I call my husband when I get in the car. "You have to establish some boundaries with Sam," he says. I know he is right. I know it is my job, not his. I have to suck it up and do it, and not play into his game of emotional chess. I take a deep breath and dial Sam's number.
"Poo?" he answers. Yes, my nickname is Poo. There is a disgusting rhyme that my family attached to it, but I won't get into that.
"Can you hear me now?" I joke, trying to be like the cell phone commercial.
"Yeah," he laughs. "Hey, do I need to wait till Friday?"
"Yeah, Sam, you really do."
"Well, I know. I understand."
I am relieved.
"I don't think the weather is going to be that bad," I say. "It's going to be cold, and we might get some rain, but it should be fine."
"I'm so excited to see you guys. Are the babies okay?"
"Yeah, they're fine."
"I talked to Mom tonight. You know, Dad didn't get her anything for Valentine's Day."
"Really?" I say, not too surprised.
"Dad, you know, he's...well, he's not the dad he used to be, Poo.

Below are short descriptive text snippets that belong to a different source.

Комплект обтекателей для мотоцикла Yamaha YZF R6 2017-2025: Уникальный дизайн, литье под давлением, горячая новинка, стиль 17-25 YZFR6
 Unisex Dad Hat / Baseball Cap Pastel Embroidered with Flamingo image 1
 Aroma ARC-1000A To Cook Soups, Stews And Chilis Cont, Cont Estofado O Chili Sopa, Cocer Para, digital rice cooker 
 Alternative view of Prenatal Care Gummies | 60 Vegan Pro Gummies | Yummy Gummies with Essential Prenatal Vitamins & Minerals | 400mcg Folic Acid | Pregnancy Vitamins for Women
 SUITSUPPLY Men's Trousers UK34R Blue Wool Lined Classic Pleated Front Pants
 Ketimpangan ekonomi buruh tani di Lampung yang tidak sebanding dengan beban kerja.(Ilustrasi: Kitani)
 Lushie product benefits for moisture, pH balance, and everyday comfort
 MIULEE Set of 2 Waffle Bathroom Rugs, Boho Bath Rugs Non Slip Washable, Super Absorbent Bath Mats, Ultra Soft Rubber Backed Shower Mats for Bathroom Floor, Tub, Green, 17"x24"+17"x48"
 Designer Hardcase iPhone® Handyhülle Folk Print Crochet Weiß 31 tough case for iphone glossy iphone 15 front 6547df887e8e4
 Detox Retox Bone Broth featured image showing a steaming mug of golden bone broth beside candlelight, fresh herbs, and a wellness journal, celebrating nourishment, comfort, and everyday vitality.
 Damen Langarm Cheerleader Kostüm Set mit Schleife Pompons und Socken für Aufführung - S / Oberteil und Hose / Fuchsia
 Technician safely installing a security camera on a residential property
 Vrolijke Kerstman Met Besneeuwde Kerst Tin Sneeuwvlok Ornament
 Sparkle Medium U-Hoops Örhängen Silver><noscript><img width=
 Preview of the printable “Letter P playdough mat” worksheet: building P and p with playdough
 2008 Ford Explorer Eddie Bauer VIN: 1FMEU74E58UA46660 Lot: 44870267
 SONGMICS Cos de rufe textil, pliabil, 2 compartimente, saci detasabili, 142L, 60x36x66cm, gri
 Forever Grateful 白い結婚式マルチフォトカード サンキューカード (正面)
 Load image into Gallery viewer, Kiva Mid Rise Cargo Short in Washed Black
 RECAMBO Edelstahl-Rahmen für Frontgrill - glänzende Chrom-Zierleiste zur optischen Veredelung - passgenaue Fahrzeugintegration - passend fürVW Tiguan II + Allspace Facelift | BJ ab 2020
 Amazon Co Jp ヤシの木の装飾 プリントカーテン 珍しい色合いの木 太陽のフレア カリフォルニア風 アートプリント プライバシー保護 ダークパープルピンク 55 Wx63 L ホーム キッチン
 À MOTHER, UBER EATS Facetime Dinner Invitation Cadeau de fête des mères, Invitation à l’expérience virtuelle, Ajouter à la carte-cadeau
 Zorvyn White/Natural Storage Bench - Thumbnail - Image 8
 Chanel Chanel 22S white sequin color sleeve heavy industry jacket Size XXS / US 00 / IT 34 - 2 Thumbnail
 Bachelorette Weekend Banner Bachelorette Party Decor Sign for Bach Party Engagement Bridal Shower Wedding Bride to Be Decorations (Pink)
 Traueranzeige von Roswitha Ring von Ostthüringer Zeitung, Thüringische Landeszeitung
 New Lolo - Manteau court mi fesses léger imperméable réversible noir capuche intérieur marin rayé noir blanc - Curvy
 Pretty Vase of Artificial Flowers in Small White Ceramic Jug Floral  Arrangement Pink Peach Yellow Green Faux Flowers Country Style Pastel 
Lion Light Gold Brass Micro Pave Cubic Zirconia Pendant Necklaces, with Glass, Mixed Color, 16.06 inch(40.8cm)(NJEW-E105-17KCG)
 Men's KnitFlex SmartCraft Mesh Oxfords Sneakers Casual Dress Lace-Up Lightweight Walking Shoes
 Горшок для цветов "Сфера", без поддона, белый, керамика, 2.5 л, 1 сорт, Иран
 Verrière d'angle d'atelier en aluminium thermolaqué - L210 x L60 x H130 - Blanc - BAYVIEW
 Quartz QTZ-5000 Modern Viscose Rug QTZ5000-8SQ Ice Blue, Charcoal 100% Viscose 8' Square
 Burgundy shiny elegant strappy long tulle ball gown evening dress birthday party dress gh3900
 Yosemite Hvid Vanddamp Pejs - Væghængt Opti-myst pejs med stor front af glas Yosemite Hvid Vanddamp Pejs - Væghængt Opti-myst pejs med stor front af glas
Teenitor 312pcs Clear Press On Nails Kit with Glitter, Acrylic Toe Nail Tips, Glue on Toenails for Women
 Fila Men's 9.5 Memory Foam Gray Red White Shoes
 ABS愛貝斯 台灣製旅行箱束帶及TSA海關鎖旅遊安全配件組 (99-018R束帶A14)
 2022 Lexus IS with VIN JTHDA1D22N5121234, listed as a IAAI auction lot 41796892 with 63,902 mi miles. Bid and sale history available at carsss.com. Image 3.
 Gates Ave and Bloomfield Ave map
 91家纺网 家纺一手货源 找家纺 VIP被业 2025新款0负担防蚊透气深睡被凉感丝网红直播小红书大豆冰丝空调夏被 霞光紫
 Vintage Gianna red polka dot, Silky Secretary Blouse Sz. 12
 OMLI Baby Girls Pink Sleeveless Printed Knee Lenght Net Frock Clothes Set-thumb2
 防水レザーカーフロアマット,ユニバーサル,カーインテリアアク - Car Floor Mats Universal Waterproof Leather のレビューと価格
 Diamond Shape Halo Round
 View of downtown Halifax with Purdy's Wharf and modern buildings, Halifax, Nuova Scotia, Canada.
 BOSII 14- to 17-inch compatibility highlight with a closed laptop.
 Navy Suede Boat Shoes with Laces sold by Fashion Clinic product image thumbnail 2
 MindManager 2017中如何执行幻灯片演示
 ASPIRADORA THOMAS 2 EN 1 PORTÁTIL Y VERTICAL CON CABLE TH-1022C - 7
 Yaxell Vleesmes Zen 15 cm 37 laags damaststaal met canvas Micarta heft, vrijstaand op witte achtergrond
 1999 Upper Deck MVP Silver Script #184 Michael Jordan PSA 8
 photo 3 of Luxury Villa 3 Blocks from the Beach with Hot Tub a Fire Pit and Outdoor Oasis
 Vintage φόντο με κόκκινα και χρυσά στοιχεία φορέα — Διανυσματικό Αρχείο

That doesn't mean I don't love him, though." His voice cracks a little. "It's not easy to love him, you know?"
"Yeah, I know," I say. "Sometimes it's not easy."
"I do love him. I don't tell him that, though. He doesn't like to hear it. Well, I'm excited to see you. What time on Friday?"
"How about 5:00? Come for dinner," I say, as I'm pulling into the driveway
"Ooooooo, what are we having?"
"I don't know. We'll think of something."
"I'll see you then. I love you, Poo."
"I love you, too, Sam," and I cut the engine.

3 comments:

h b said...

seriously, i've told you that your patience astounds me at least a zillion times, right? just in case:

your patience astounds me.

heartsjoy said...

Wow, you are so compassionate. I just have to say that manipulation makes me run even from family members. I know that must devastate you to feel you might be responsible for an ultimate act like that. I have to say that when people make a decision like that it is not other people's fault. They choose it usually based on selfishness/self-pity. I know that would not be a comfort but if you could believe that no matter what you did or did not do you were not the cause, it might free you up. I think hubby is right on this one, making clear defined boundaries. You are afraid it might break him but it might actually help teach him how to have them.

LiteratureLover said...

Boundaries...ugh! I love and hate them. Setting boundaries is hard and enforcing them is even harder. I feel for you, friend. I was crying by the end of your blog.